Greece was hardly ever a peaceful country. Over the centuries, aoidoi produced chansons de geste extoling winners and condemning losers, making heroes out of barbarians and role models out of runaways, and basically fuelling the eternal fire of blood wars with engaging and rocambolesque descriptions of betrayals and the ensuing vengeance. In recent days, this positive narration of battle has slowly but relentlessly been whelmed by a more condemning view of things, mainly starting from the postcolonial period onwards. Hence, it is now possible to encounter a piece of literature that not only disapproves of, but also analyses and efficiently portrays the hypocrisy of peace built on war.

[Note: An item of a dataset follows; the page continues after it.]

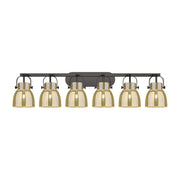 Innovations Pilaster II Bell 6Lt 46" Bath, Black/Mercury - 423-6W-BK-G412-6ME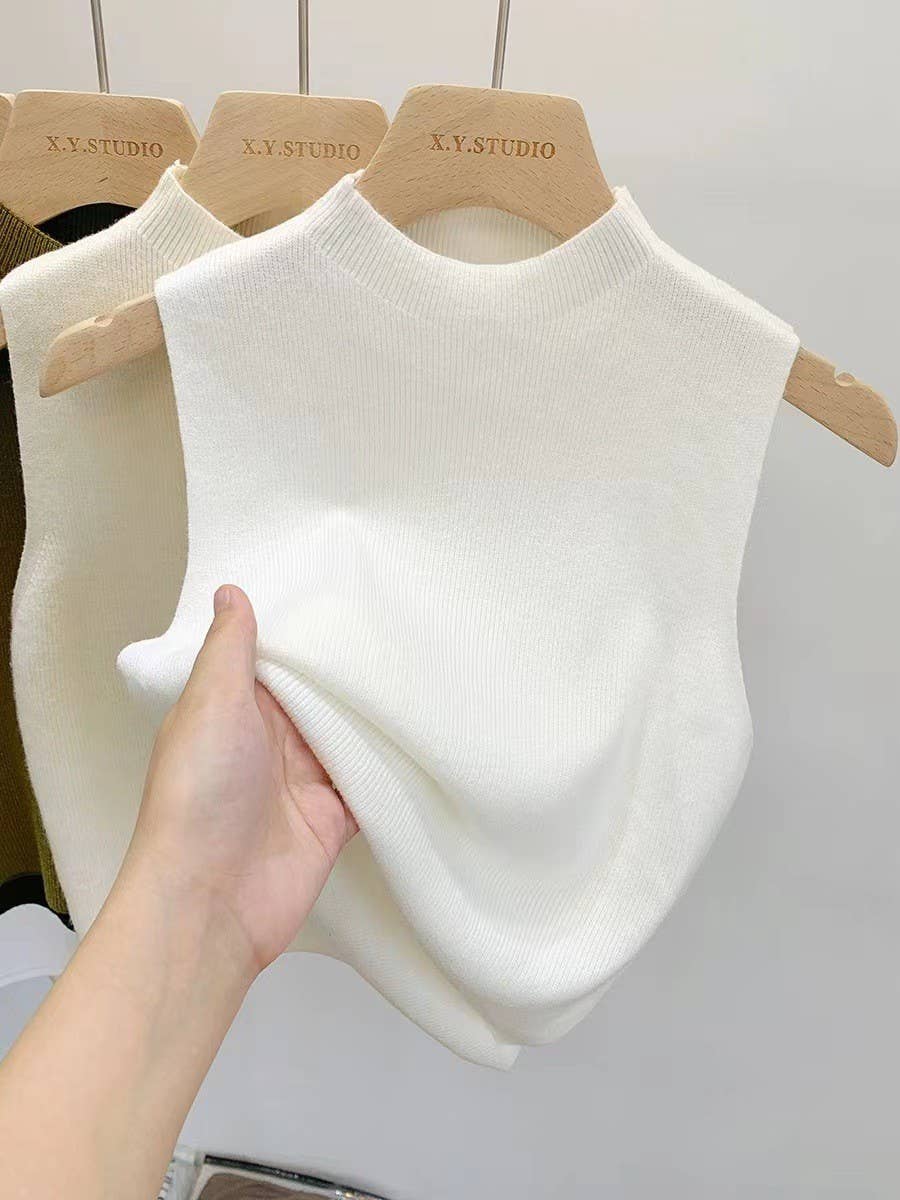 Hope & Sunshine - Knit Vest Sleeveless Turtleneck Top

This is the case with Gkiak – a collection of short stories written by Dimosthenis Papamarkos and adapted for the scene by Georgia Mavragani. Set in one of the many wars that scarred Greek history, namely the Greco-Turkish War of 1919-1922 (or Asia Minor Catastrophe as referred to in the Hellenic peninsula), this concoction of Epirotic tales from the afterwards focuses not so much on Arendt’s banality of evil as on the transformation that “banal” human beings undergo when forced to take part in the vicious cycle of kill-or-be-killed conflicts. We are presented with three main characters, a brother seeking revenge, a lovestruck infantryman and an unaware homosexual, who return home with “honour” just to find that the nightmares of the front are nothing compared to the reality of the social contract everyone abides by.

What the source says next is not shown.